What the world needs now…
Hello, and welcome to issue 94, our Women in Science issue, timed to coincide with the International Day of Women and Girls in Science on 11th February. This is the third such day, with a resolution to establish an International Day to recognise the critical role women and girls play in science and technology having been voted for by the United Nations General Assembly at the end of 2015.
Science and gender equality have been agreed by the United Nations as both being vital for the achievement of the internationally agreed development goals, including the 2030 Agenda for Sustainable Development. Surely the 193 countries who voted to end poverty cannot be wrong. What the world needs now isn’t just love – although that has to help too – it’s brains. Everyone’s brains.
It was Marie Curie who said: “Nothing in life is to be feared, it is only to be understood. Now is the time to understand more so that we may fear less.”
(Check out the brilliant photo at the top of the page with Marie Curie sat surrounded by men at the first Solvay Conference in 1911.)
I can’t think of a more important time than today for the scientific community to embrace the widest possible pool of talent and ideas, because for the first time in my lifetime I’m seeing scientific fact being challenged and called into question like never before. We’ve got doubters of global warming. How do they explain polar bears starving to death in the Antarctic? We’ve got people who still believe the Earth is flat. It could be funny if it wasn’t so terrifying.

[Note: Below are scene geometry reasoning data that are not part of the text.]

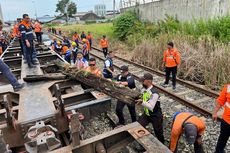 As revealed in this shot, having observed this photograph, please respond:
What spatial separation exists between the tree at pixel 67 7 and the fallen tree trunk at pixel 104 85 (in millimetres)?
101306

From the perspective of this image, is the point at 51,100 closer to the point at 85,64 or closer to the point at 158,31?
the point at 85,64

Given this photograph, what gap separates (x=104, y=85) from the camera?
4.43 m

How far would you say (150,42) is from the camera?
39.0 feet

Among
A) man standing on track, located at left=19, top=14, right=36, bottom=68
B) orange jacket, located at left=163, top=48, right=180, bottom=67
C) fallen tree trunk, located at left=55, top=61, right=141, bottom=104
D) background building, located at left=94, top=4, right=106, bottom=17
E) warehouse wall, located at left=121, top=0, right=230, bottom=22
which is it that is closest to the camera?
fallen tree trunk, located at left=55, top=61, right=141, bottom=104

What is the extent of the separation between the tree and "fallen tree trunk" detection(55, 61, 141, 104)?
10131 centimetres

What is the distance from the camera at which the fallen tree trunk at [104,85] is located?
3836 mm

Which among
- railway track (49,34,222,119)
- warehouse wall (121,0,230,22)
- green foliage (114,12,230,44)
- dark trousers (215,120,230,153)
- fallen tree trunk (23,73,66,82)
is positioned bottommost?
railway track (49,34,222,119)

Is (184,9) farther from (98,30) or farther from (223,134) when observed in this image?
(98,30)

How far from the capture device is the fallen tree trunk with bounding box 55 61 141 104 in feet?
12.6

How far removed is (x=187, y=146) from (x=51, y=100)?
2686 mm

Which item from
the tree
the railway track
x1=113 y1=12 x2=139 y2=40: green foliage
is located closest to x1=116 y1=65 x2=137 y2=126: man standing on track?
the railway track

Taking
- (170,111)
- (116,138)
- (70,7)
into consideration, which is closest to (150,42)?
(170,111)

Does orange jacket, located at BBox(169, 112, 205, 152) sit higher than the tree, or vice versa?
the tree

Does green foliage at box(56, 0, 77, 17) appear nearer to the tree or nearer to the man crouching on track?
the tree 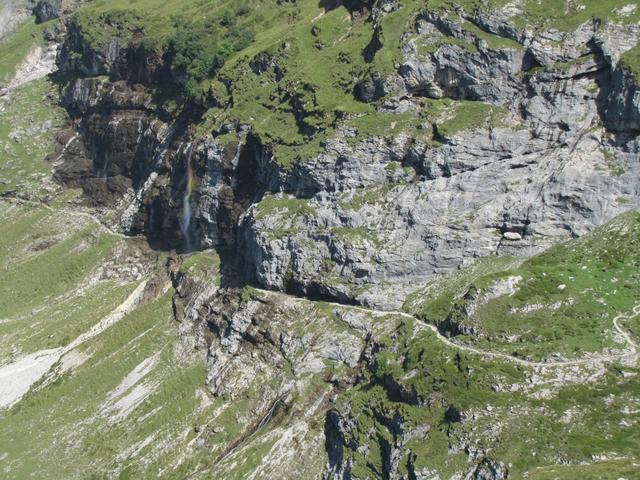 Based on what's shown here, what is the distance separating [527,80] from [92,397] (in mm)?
70926

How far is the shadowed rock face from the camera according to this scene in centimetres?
7919

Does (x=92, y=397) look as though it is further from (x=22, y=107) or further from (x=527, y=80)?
(x=22, y=107)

People are cherry picking the ‘facts’ that support their own belief systems. Is this because they are afraid of facts? As with politics, personal beliefs are well, personal. The increasing use of social media to keep up with what’s happening in the world means that we are more likely to find our news from sources that reinforce our own personal beliefs and values.
“…you are entitled to your own opinion, but you are not entitled to your own facts…”

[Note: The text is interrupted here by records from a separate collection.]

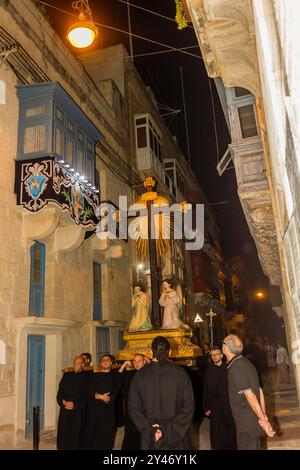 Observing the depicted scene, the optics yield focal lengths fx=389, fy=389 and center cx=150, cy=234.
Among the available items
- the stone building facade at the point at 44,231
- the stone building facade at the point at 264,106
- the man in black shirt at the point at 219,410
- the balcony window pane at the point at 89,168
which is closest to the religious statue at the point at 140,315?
the stone building facade at the point at 44,231

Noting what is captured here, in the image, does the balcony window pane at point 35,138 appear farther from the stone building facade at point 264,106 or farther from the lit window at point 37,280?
the stone building facade at point 264,106

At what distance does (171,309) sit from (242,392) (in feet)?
21.4

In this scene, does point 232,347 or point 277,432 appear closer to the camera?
point 232,347

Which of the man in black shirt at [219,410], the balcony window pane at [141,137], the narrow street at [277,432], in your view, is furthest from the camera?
the balcony window pane at [141,137]

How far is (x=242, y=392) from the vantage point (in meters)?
4.33

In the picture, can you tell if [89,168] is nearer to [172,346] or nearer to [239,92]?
[239,92]

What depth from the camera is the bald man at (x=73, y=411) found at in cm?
678

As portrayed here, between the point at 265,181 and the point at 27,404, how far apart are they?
8634 millimetres

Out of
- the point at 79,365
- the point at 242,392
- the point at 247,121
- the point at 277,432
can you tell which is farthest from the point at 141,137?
the point at 242,392

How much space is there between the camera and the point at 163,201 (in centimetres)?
1169

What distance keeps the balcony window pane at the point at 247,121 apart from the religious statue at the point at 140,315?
5.86 metres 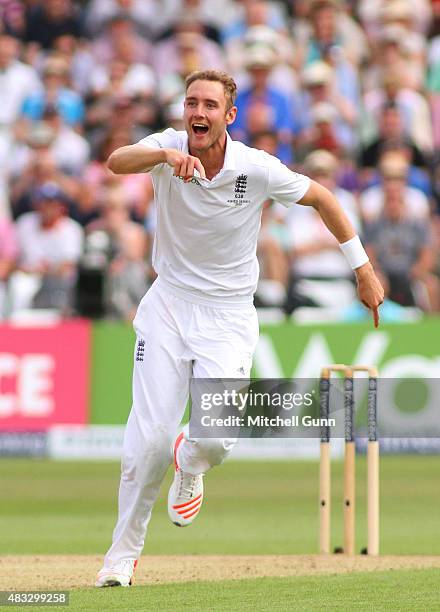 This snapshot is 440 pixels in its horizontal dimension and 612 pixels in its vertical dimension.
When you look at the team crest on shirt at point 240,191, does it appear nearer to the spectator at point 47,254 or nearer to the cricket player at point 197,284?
the cricket player at point 197,284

I was watching David Letterman’s new show, My Next Guest Needs No Introduction, recently, and Barack Obama was the first guest. Obama said:
“…One of the biggest challenges we have to our democracy is the degree to which we don’t share a common baseline of facts. There is a well-known senator from New York, Daniel Patrick Moynihan. And one time he was debating one of his less-capable colleagues. And the guy got flustered and said, well, Senator Moynihan, that’s just your opinion, and I have mine. And Moynihan says, sir, you are entitled to your own opinion, but you are not entitled to your own facts…”
This is true not only for politics, but also for science. Never before has scientific fact been called in to question more, partly for political gain. For this reason, science needs to keep recruiting the brightest and best minds, regardless of who they belong to.
Bringing diverse voices together
In this issue, Ivvet Modinou, Head of Engagement at the British Science Association shares how she is actively engaging with volunteers to make science accessible to anyone and everyone. You don’t have to be a scientist to volunteer. She makes the excellent point that science is about bringing diverse voices together to discuss broader societal issues.
Sometimes when I’m putting Womanthology together and I glimpse into the future, most of the time I’m exhilarated about all the possibilities for science, medicine and technology – there’s a great many talented women (and also men) working to push through the barriers of convention and make wonderful things happen. There’s artificial intelligence and robotics. There’s blockchain and cryptography. There’s new 2D materials with incredible properties that make the impossible possible.
Sometimes I’m a little scared about the unrelenting pace of progress too, but as Marie Curie says, the more we understand, the less we fear. Let’s involve as many diverse viewpoints as possible, across all genders, ethnicities and all sections of society. Science needs us all if we’re to fully embrace its possibilities, and that’s a fact.